The 1991 Kuwait war provided Damascus the perfect opportunity to change its political allegiances. Its support for the U.S.-led war was followed by other pro-U.S. overtures, including a new willingness to resolve Syria's longstanding conflict with Israel. Damascus seemed more amenable to accepting an exchange of the Golan Heights for peace and agreed to attend the Madrid conference with Israel in October 1991. Hafez also waived the traditional Syrian demand that the Arab-Israeli conflict be resolved by the Arab-heavy United Nations, as opposed to a U.S. mediator.
The benefits to Syria were immediate and immense. The U.S. government lavished repeated praise on Hafez and dramatically upgraded bilateral relations. Hafez not only switched from the anti-U.S. to the pro-U.S. camp at a time of declining Soviet power but also successfully urged Washington to apply political pressure on Jerusalem. In the war's aftermath, President George H.W. Bush doggedly pursued a comprehensive peace.
The most tangible postwar U.S. concession to Syria was over Lebanon. After fifteen years of largely futile efforts to annex the country, Syria leveraged its new Western orientation to assume a more dominant role there. The May 1991 Treaty of Brotherhood and Cooperation codified and expanded the "privileged relations" set out in the 1989 Ta'if accords, stating that the governments of Syria and Lebanon would "coordinate their economies and agricultural, industrial, commercial, transport, communications, and customs sectors." Significantly, the treaty included a formal request for Syrian troops to remain indefinitely on Lebanese soil. The United States, although critical of the treaty from the outset, turned a blind eye in exchange for continued Syrian cooperation on other fronts.
Hafez's support for the 1991 Kuwait war also paid major dividends in the Arab world and western Europe, which rewarded him handsomely with much-needed economic relief. Daniel Pipes has noted that prior to the war, "Perhaps the greatest domestic problem facing the Baath regime was the economy," which suffered from socialist "senescence," over-centralization, huge military expenditures, a very high population growth of 3.8 percent a year, annual inflation of some 50 percent, and debts of some $6 billion to the West and $9 billion to the Soviet Union. For Syria's wartime stance (even though it was entirely symbolic), Saudi Arabia and the other Gulf Cooperation Council (GCC) states lavished Damascus with grants worth more than $2.5 billion and private investments in infrastructure projects estimated at hundreds of millions of dollars. During the war, the European Community (EC) also compensated Syria for its support. The foreign ministers of most of the EC countries visited Damascus and again approved £100 million ($176 million) in economic aid that had been suspended since 1986.

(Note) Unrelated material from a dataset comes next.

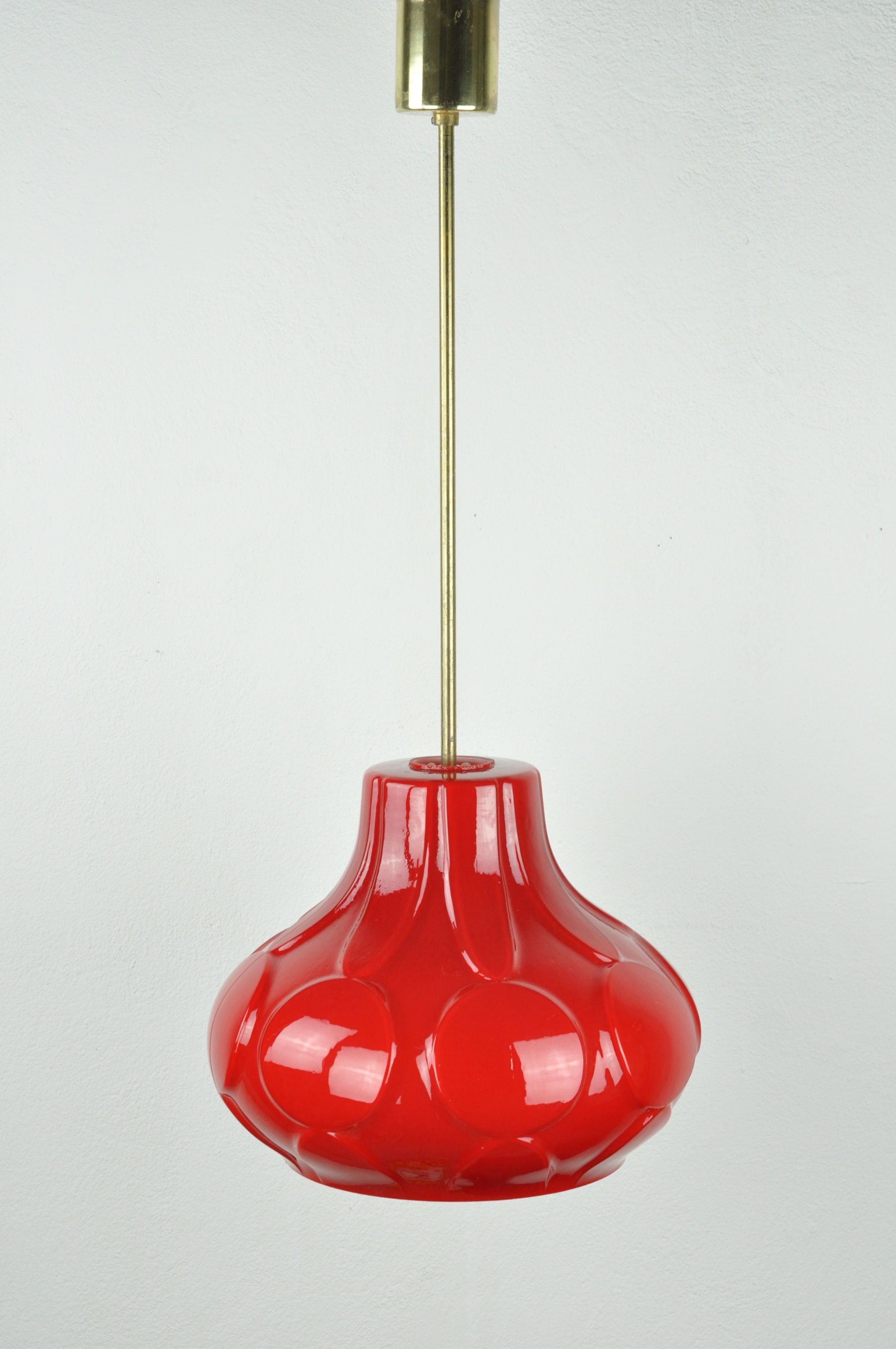 Atomic Deckenleuchte Pendelleuchte Pendelleuchte | Etsy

Although Syrians and foreign diplomats estimated that between 75 to 90 percent of the Syrian population opposed the war, the proverbial Arab street remained quiescent throughout the war. In fact, Hafez actually increased his domestic authority during the war and its immediate aftermath. One compelling explanation is that this massive infusion of funds gave Assad some much-needed financial clout.
Hafez's support for the war, far from marginalizing Syria's regional authority, improved its position in the Arab world. In March 1991, the GCC states took the extraordinary step of proposing what became known as the Damascus declaration, a new security agreement calling for Syria (and Egypt) to retain forces in the Persian Gulf and maintain the geopolitical status quo there. In exchange for "safeguarding the security of Arab states in the Gulf," Syria (as well as Egypt) would be able to draw from an "Arab development fund" of $15 billion in GCC contributions. In September the Damascus declaration was abandoned because Saudi Arabia and Kuwait decided that their safety could be best ensured with the United States acting as the de facto guarantor of the Gulf. Still, the fact that the Damascus declaration was proposed at all highlighted Syria's improved postwar regional position.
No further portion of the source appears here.